> [Activity] Since the pictures are not wanted, reproduce only the rest of the records, exactly as given.

> [Data supplied]

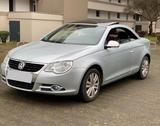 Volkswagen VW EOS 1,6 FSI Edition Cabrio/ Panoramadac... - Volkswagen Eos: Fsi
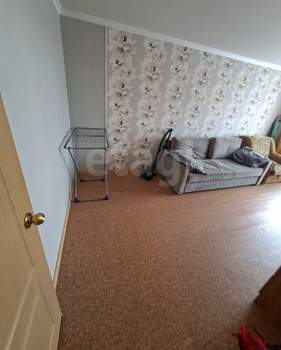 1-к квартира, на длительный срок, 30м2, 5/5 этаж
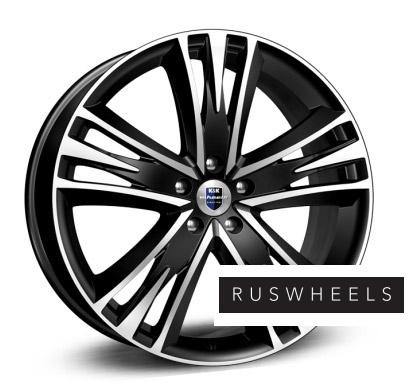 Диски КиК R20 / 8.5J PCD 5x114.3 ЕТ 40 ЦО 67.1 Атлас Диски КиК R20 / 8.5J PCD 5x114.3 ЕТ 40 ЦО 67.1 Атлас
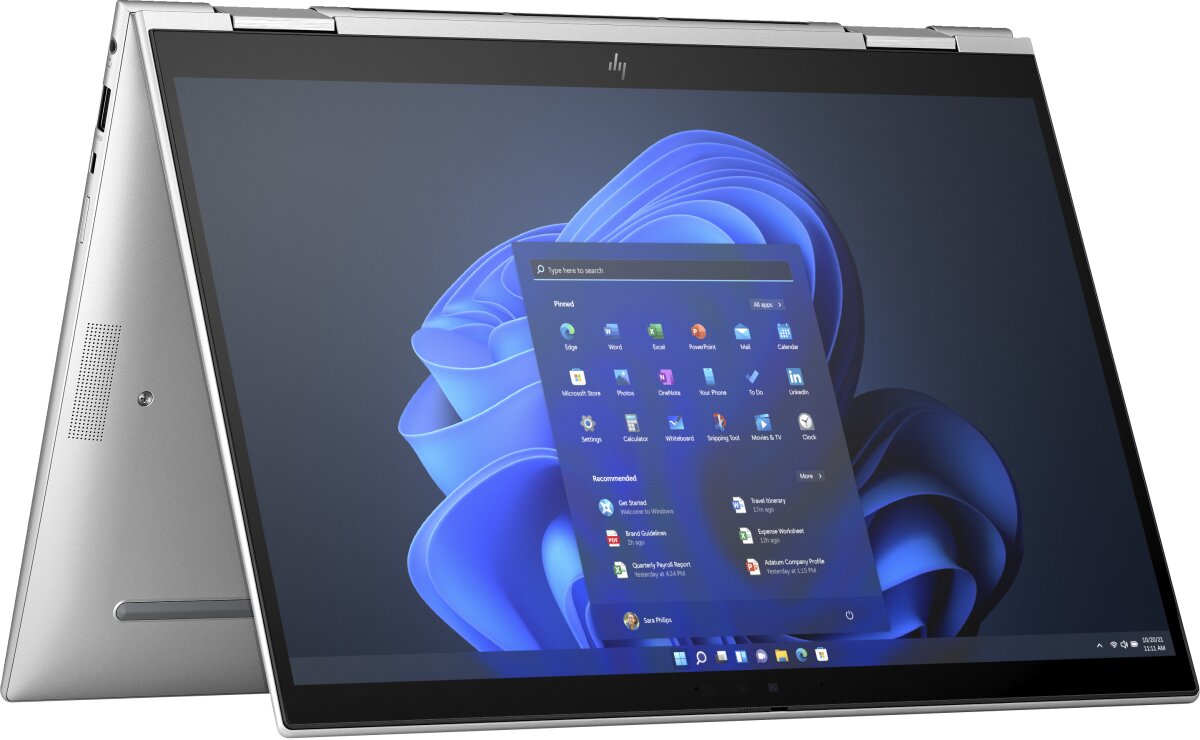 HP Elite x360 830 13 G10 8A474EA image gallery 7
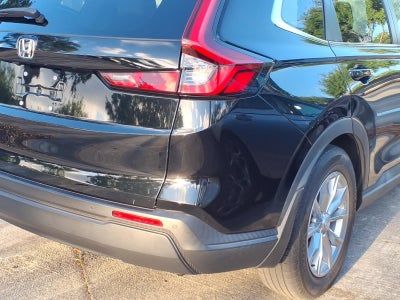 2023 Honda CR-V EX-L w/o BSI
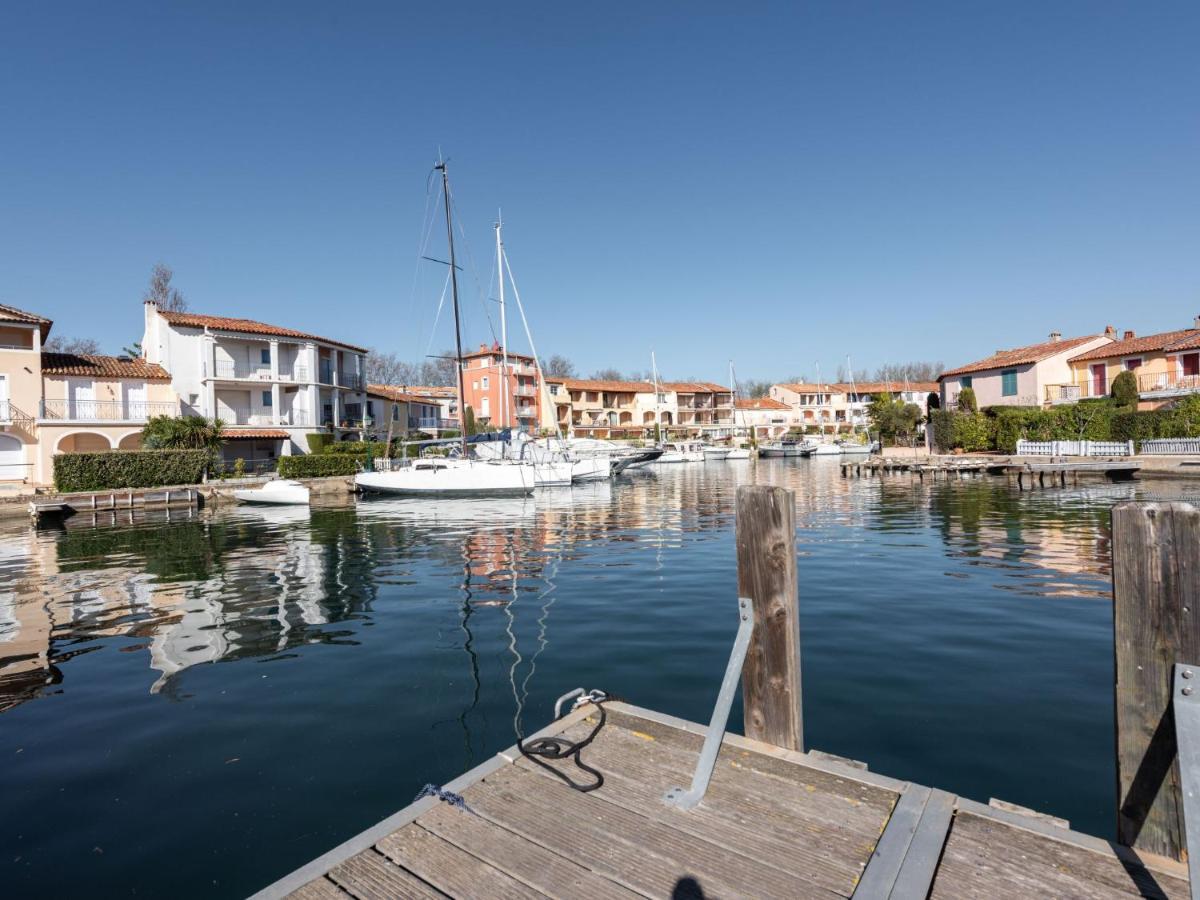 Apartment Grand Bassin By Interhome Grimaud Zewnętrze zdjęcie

> [Answer section]
 Volkswagen VW EOS 1,6 FSI Edition Cabrio/ Panoramadac... - Volkswagen Eos: Fsi
 1-к квартира, на длительный срок, 30м2, 5/5 этаж
 Диски КиК R20 / 8.5J PCD 5x114.3 ЕТ 40 ЦО 67.1 Атлас Диски КиК R20 / 8.5J PCD 5x114.3 ЕТ 40 ЦО 67.1 Атлас
 HP Elite x360 830 13 G10 8A474EA image gallery 7
 2023 Honda CR-V EX-L w/o BSI
 Apartment Grand Bassin By Interhome Grimaud Zewnętrze zdjęcie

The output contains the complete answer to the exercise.